📄 rfc3378.txt
字号:
Network Working Group R. Housley
Request for Comments: 3378 RSA Laboratories
Category: Informational S. Hollenbeck
VeriSign, Inc.
September 2002
EtherIP: Tunneling Ethernet Frames in IP Datagrams
Status of this Memo
This memo provides information for the Internet community. It does
not specify an Internet standard of any kind. Distribution of this
memo is unlimited.
Abstract
This document describes the EtherIP, an early tunneling protocol, to
provide informational and historical context for the assignment of IP
protocol 97. EtherIP tunnels Ethernet and IEEE 802.3 media access
control frames in IP datagrams so that non-IP traffic can traverse an
IP internet. The protocol is very lightweight, and it does not
provide protection against infinite loops.
1. Introduction
EtherIP was first designed and developed in 1991. This document was
written to document the protocol for informational purposes and to
provide historical context for the assignment of IP protocol 97 by
IANA.
The IETF Layer Two Tunneling Protocol Extensions (L2TPEXT) Working
Group and IETF Pseudo Wire Emulation Edge-to-Edge (PWE3) Working
Group are developing protocols that overcome the deficiencies of
EtherIP. In general, the standards track protocols produced by these
IETF working groups should be used instead of EtherIP.
The EtherIP protocol is used to tunnel Ethernet [DIX] and IEEE 802.3
[CSMA/CD] media access control (MAC) frames (including IEEE 802.1Q
[VLAN] datagrams) across an IP internet. Tunneling is usually
performed when the layer three protocol carried in the MAC frames is
not IP or when encryption obscures the layer three protocol control
information needed for routing. EtherIP may be implemented in an end
station to enable tunneling for that single station, or it may be
implemented in a bridge-like station to enable tunneling for multiple
stations connected to a particular local area network (LAN) segment.
Housley & Hollenbeck Informational [Page 1]
RFC 3378 EtherIP September 2002
EtherIP may be used to enable communications between stations that
implement Ethernet or IEEE 802.3 with a layer three protocol other
than IP. For example, two stations connected to different Ethernet
LANs using the Xerox Network Systems Internetwork Datagram Protocol
(IDP) [XNS] could employ EtherIP to enable communications across the
Internet.
EtherIP may be used to enable communications between stations that
encrypt the Ethernet or IEEE 802.3 payload. Regardless of the layer
three protocol used, encryption obscures the layer three protocol
control information, making routing impossible. For example, two
stations connected to different Ethernet LANs using IEEE 802.10b
[SDE] could employ EtherIP to enable encrypted communications across
the Internet.
EtherIP may be implemented in a single station to provide tunneling
of Ethernet or IEEE 802.3 frames for either of the reasons stated
above.
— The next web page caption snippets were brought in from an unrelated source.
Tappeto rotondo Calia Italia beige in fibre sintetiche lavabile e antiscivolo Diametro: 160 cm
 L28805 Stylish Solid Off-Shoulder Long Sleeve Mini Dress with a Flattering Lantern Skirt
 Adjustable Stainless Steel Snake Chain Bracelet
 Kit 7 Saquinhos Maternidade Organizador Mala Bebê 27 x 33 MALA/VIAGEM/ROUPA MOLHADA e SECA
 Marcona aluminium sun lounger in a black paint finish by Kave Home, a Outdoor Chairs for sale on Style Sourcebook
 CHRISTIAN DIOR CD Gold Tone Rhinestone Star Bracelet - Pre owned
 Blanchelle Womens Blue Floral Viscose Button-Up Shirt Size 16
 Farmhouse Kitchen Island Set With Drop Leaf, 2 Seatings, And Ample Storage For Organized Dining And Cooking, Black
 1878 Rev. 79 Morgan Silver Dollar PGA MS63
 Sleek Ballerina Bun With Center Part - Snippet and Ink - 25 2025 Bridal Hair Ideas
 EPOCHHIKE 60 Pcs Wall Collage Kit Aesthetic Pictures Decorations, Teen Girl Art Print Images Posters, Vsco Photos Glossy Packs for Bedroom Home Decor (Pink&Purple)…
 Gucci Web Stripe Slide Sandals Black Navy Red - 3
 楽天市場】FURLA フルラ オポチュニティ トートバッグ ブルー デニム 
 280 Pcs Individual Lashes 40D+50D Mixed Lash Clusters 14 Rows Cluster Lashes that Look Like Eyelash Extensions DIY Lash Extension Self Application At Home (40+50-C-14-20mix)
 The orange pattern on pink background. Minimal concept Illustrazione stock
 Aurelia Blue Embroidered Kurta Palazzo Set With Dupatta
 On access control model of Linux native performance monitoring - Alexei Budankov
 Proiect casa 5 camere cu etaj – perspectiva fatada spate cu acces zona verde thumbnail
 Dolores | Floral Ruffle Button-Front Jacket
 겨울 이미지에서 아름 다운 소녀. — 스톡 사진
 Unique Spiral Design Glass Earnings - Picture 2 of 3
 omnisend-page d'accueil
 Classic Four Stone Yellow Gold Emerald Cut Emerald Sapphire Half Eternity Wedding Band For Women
Such implementations require processing rules to determine
which MAC frames to tunnel and which MAC frames to ignore. Most
often, these processing rules are based on the destination address or
the EtherType.
EtherIP may be implemented in a bridge-like station to provide
tunneling services for all stations connected to a particular LAN
segment. Such implementations promiscuously listen to all of the
traffic on the LAN segment, then apply processing rules to determine
which MAC frames to tunnel and which MAC frames to ignore. MAC
frames that require tunneling are encapsulated with EtherIP and IP,
then transmitted to the local IP router for delivery to the bridge-
like station serving the remote LAN. Most often, these processing
rules are based on the source address, the destination address, or
the EtherType. Care in establishing these rules must be exercised to
ensure that the same MAC frame does not get transmitted endlessly
between several bridge-like stations, especially when broadcast or
multicast destination MAC addresses are used as selection criteria.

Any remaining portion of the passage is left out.